=== Required work ===
Extract each line holding the word "strap" from the entries.

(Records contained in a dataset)
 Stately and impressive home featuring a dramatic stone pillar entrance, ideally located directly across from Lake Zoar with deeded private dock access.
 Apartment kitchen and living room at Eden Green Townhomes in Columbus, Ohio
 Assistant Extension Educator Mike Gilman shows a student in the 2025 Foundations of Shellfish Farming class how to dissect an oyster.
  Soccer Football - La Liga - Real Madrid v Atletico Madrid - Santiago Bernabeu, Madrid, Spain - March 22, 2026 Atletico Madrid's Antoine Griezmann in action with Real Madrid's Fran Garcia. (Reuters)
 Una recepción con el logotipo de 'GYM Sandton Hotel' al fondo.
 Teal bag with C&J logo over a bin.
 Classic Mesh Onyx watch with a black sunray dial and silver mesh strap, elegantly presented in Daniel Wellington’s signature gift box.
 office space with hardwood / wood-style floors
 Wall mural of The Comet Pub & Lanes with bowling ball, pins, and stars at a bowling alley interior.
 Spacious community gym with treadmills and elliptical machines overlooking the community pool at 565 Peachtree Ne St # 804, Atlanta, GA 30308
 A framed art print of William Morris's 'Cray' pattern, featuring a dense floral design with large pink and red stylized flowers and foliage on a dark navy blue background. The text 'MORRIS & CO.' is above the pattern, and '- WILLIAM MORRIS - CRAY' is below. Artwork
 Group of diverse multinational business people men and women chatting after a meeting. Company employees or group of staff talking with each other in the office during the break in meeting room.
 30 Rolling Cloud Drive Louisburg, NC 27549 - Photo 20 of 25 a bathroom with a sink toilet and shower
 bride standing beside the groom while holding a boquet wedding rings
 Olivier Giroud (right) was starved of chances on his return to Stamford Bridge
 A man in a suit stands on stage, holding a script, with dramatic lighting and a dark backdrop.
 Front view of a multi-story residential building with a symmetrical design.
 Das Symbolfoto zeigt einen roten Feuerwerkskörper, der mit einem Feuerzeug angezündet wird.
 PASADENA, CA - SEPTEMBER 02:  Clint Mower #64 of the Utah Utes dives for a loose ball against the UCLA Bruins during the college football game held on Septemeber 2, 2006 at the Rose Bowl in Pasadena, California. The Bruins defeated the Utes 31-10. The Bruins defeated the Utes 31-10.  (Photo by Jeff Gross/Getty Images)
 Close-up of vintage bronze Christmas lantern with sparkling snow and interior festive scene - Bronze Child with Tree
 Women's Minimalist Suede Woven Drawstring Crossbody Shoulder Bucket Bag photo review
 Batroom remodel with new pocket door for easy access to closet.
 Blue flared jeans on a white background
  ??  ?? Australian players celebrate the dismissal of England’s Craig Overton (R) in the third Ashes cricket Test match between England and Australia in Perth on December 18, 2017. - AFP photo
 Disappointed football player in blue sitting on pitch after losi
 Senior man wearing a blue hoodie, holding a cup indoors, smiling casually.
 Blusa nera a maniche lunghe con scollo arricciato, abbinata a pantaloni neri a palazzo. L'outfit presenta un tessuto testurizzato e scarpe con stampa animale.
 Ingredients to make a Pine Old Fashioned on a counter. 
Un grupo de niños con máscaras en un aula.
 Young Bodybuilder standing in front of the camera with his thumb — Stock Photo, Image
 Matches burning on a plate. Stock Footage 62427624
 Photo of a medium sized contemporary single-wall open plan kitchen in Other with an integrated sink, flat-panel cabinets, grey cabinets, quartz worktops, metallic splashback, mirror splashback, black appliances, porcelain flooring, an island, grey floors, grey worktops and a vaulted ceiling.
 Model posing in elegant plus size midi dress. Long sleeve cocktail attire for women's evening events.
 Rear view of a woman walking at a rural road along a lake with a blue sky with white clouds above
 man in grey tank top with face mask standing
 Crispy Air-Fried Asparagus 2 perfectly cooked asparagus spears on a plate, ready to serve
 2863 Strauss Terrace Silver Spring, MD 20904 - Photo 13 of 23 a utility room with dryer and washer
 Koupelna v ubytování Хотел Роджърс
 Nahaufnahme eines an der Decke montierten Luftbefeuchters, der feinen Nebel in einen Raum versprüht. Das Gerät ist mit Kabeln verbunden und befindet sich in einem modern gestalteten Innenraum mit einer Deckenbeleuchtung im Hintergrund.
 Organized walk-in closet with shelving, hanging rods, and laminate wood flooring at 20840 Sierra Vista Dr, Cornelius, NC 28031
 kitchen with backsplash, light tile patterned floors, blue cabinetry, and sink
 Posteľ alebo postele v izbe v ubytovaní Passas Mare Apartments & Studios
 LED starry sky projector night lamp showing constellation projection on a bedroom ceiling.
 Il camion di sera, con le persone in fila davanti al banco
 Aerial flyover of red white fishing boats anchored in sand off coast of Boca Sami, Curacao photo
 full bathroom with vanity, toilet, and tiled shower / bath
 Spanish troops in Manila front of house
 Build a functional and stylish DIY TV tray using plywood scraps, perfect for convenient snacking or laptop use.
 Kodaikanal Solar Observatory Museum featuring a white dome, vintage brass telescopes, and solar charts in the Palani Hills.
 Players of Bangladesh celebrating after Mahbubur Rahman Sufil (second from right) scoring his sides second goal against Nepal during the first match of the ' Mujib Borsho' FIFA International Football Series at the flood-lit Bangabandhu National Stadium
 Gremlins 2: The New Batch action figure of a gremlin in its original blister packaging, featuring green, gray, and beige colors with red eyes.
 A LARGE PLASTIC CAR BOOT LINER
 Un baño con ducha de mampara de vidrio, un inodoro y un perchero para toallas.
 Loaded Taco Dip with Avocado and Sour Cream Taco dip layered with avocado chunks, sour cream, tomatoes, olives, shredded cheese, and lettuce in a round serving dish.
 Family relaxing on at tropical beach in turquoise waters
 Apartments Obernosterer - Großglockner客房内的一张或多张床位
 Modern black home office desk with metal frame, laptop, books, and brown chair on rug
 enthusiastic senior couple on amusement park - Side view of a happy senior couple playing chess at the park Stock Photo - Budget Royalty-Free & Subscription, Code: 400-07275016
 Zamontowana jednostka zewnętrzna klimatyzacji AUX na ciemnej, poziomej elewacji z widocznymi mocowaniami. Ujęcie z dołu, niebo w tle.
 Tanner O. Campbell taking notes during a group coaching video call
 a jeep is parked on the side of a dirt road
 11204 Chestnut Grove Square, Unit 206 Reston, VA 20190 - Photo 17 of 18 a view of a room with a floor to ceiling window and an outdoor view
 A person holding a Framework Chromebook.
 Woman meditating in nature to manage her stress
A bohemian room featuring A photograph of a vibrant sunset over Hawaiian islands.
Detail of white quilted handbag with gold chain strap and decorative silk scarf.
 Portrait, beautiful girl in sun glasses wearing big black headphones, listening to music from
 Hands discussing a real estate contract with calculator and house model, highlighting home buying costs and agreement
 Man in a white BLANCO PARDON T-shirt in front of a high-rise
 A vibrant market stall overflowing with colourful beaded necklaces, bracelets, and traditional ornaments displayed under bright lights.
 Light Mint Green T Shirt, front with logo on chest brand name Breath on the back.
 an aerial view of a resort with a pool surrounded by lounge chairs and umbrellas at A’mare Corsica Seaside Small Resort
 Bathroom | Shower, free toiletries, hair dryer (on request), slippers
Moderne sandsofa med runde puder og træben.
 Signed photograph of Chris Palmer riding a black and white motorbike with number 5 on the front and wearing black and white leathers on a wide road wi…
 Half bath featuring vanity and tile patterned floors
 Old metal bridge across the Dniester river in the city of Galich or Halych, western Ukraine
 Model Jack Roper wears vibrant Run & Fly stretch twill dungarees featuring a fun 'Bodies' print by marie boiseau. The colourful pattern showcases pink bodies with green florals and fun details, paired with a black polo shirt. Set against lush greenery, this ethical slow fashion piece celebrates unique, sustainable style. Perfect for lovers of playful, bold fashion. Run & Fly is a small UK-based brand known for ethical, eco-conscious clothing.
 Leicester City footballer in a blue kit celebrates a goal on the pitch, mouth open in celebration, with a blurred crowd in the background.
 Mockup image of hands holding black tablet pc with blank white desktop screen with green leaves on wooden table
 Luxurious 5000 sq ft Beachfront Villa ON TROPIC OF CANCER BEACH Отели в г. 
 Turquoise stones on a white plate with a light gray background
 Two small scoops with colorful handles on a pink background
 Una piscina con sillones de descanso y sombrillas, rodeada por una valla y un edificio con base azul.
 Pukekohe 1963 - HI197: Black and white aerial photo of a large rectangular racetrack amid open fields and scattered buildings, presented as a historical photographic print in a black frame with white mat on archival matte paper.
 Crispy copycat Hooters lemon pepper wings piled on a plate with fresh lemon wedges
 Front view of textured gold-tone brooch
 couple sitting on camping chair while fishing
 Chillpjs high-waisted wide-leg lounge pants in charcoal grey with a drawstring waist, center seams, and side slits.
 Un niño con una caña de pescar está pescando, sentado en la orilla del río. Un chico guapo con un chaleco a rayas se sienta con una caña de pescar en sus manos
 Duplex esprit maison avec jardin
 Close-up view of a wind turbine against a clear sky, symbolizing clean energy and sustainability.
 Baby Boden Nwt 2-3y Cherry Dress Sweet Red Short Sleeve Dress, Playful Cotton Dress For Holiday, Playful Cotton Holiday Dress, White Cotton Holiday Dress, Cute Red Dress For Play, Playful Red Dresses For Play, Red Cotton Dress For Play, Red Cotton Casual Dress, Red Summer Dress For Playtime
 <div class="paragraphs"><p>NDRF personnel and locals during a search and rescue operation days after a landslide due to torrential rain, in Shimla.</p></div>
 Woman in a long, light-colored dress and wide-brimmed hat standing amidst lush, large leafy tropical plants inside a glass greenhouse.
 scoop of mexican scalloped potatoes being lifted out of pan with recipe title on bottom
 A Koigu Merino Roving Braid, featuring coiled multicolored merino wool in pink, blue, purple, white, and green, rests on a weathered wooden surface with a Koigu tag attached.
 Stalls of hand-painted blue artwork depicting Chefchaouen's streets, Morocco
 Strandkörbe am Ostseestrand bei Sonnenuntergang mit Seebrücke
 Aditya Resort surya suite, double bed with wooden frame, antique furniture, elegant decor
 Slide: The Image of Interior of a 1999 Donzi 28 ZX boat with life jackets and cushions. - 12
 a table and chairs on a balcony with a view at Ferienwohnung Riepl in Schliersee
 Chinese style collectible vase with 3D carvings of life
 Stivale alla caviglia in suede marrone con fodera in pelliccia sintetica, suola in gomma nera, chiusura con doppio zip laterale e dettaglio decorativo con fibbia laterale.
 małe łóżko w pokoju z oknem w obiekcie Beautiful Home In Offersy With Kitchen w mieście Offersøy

=== Solution to this task ===
 Classic Mesh Onyx watch with a black sunray dial and silver mesh strap, elegantly presented in Daniel Wellington’s signature gift box.
Detail of white quilted handbag with gold chain strap and decorative silk scarf.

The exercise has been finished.